- Born: Kovelamudi Surya Prakash Rao 27 August 1904 Kolavennu, Madras Presidency, British India (present-day Andhra Pradesh, India)
- Died: 1996 (aged 81–82)
- Occupations: Director, producer, actor, cinematographer
- Spouse: G. Varalakshmi ​(m. 1943⁠–⁠1996)​
- Children: 3, including K. Raghavendra Rao, K Krishna Mohan Rao
- Relatives: Prakash Kovelamudi (grandson) K. Bapayya (nephew)
- Awards: Nandi Awards Filmfare Awards South

= K. S. Prakash Rao =

Indian film director, producer, actor and cinematographer

Kovelamudi Surya Prakash Rao (1914–1996) was an Indian film director, producer, actor and cinematographer known for his works in Telugu, Tamil, Kannada, and Hindi films. In 1977 he won the Filmfare Award for Best Director – Kannada for Ganda Hendthi. In 1995, Rao received the Raghupathi Venkaiah Award for his contributions to Telugu cinema.
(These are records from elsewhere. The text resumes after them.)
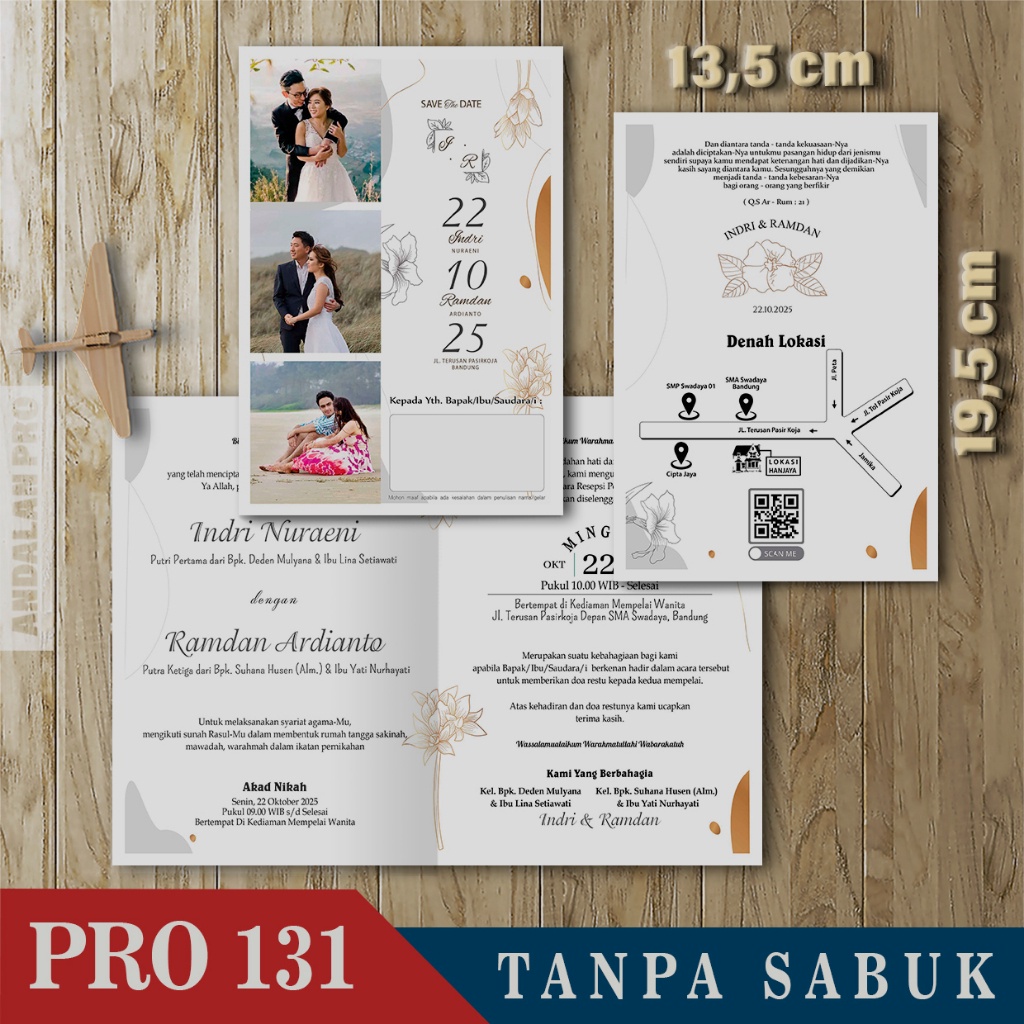 Jual Kode Toko: S9 - Tebal 250 GSM, 50 Desain Undangan Lipat 2 Pakai ...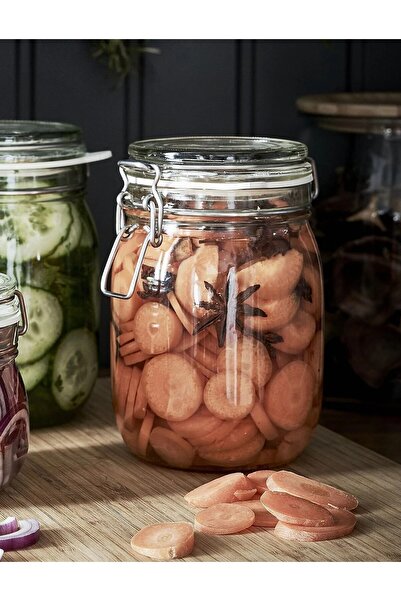 IKEA QUİCK Sızdırmaz Kapaklı Cam Kavanoz 1 Litre Saklama Kavanozu Şeffaf Turş...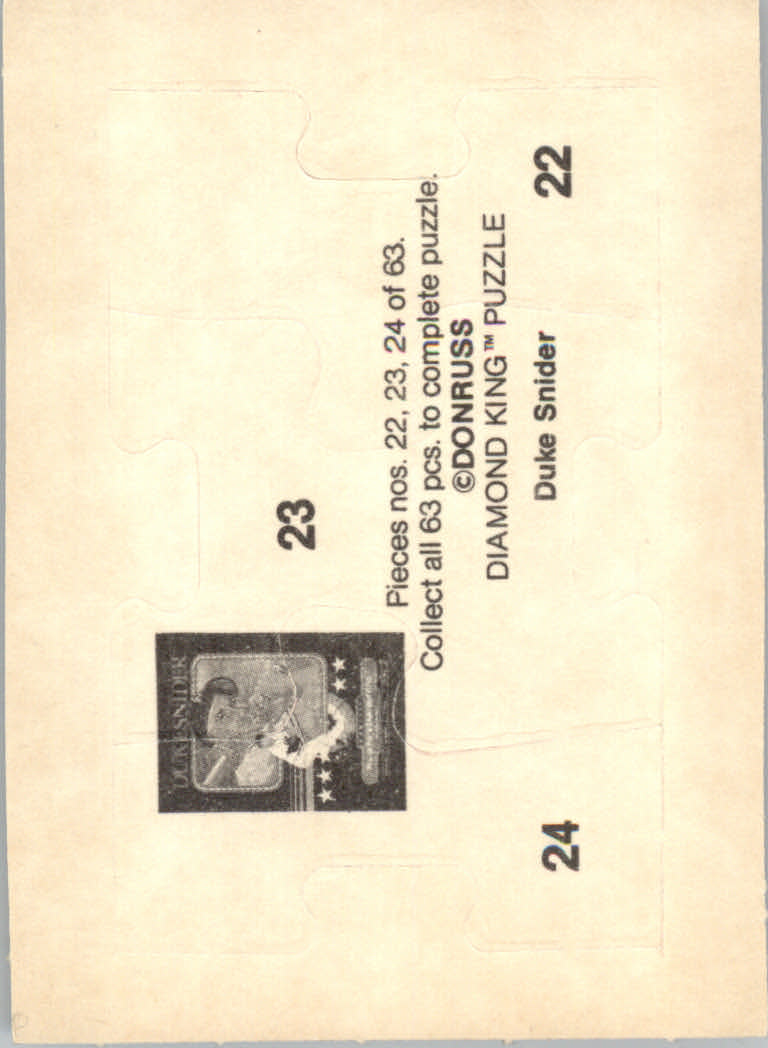 1984 Donruss Baseball "Duke Snider Puzzle" Cards - Picture 17 of 43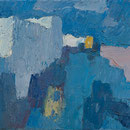 Wilfried Kirschl, Blaue Landschaft, Mykonos (2. Fassung), Öl auf Leinwand, 1962. (Foto: Johannes Plattner)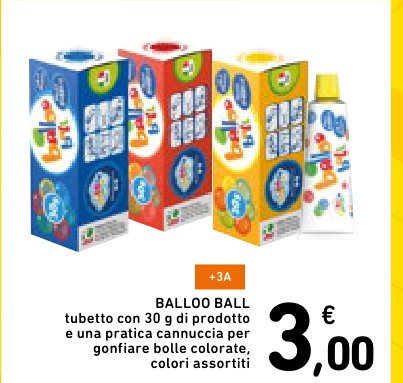 Balloo Ball, tubetto con 30 g di prodotto e pratica cannuccia per gonfiare bolle colorate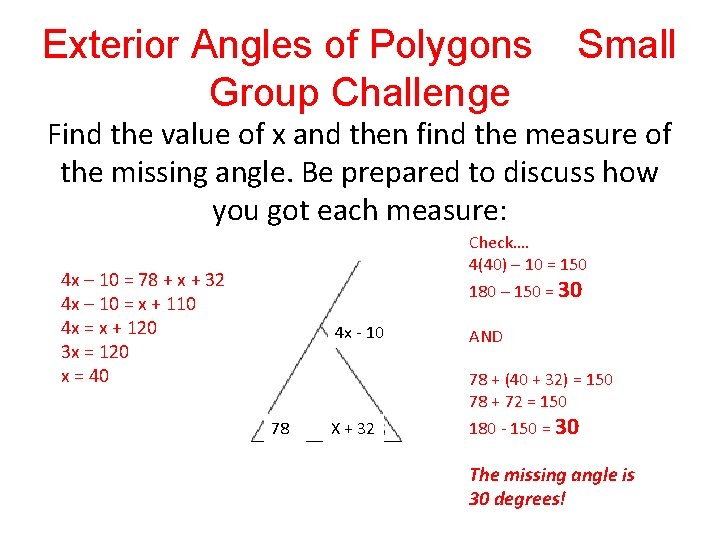 Exterior Angles of Polygons Group Challenge Small Find the value of x and then Exterior Angles of Polygons Group Challenge Small Find the value of x and then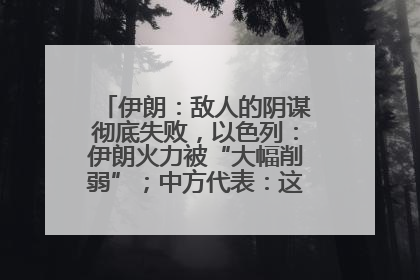 伊朗：敌人的阴谋彻底失败，以色列：伊朗火力被“大幅削弱”；中方代表：这次不能再有欺骗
He is the father of noted Telugu director K. Raghavendra Rao and is the uncle of another noted director K. Bapayya.

== Filmography ==

| Year | Film | Language | Director | Producer | Notes |
| 1946 | Gruhapravesam | Telugu |  | Yes |  |
| 1948 | Drohi | Telugu |  | Yes |  |
| 1950 | Modati Raatri | Telugu | Yes | Yes |  |
| 1951 | Deeksha | Telugu | Yes | Yes |  |
| Anni | Tamil | Yes |  |  |
| 1953 | Kanna Talli | Telugu | Yes | Yes |  |
| Petrathai | Tamil | Yes |  |  |
| 1954 | Balanandam | Telugu | Yes |  |  |
| 1955 | Ante Kaavaali | Telugu | Yes | Yes |  |
| 1956 | Melukolupu | Telugu | Yes |  |  |
| Marumalarchi | Tamil | Yes |  |  |
| 1960 | Renukadevi Mahatyam | Telugu | Yes |  |  |
| 1961 | Gullo Pelli | Telugu | Yes |  |  |
| 1962 | Mohini Rugmangada | Telugu | Yes | Yes |  |
| 1966 | Badukuva Daari | Kannada | Yes |  |  |
| 1967 | Stree Janma | Telugu | Yes |  |  |
| 1968 | Harishchandra | Telugu | Yes |  |  |
| Bharya | Telugu | Yes |  |  |
| Bandhipotu Dongalu | Telugu | Yes |  |  |
| 1969 | Vichitra Kutumbam | Telugu | Yes |  |  |
| 1971 | Tahsildar Gari Ammayi | Telugu | Yes |  |  |
| Prema Nagar | Telugu | Yes |  |  |
| Naa Tammudu | Telugu | Yes |  |  |
| Bhale Papa | Telugu | Yes |  |  |
| 1972 | Vasantha Maligai | Tamil | Yes |  |  |
| 1973 | Pedda Koduku | Telugu | Yes |  |  |
| Jeevitam | Telugu | Yes |  |  |
| Ida Lokam | Telugu | Yes |  |  |
| 1974 | Satyaniki Sankellu | Telugu | Yes |  |  |
| Kode Nagu | Telugu | Yes |  |  |
| Prem Nagar | Hindi | Yes |  |  |
| 1975 | Cheekati Velugulu | Telugu | Yes |  |  |
| 1976 | Suprabhatam | Telugu | Yes |  |  |
| Secretary | Telugu | Yes |  |  |
| Avan Oru Charitram | Tamil | Yes |  |  |
| 1977 | Ganda Hendthi | Kannada | Yes |  |  |
| 1979 | Balina Guri | Kannada | Yes |  |  |
| 1982 | Kotta Neeru | Telugu | Yes |  |  |
| Garuda Saukiyama | Tamil | Yes |  |  |
| 1983 | Muddula Mogadu | Telugu | Yes |  |  |
| 1991 | Rowdy Gaari Pellam | Telugu | Yes |  |  |
| 1992 | Donga Police | Telugu | Yes |  |  |
| 1996 | Raja Aur Rangeeli | Hindi | Yes |  |  |
| 2022 | Pratibimbalu | Telugu | Yes |  |  |

=== Actor ===
- Apavadu (1941)
- Patni (1942)
- Drohi (1948)

==Awards==
- He won Nandi Award for Best Story Writer for 1968 film Bandipotu Dongalu.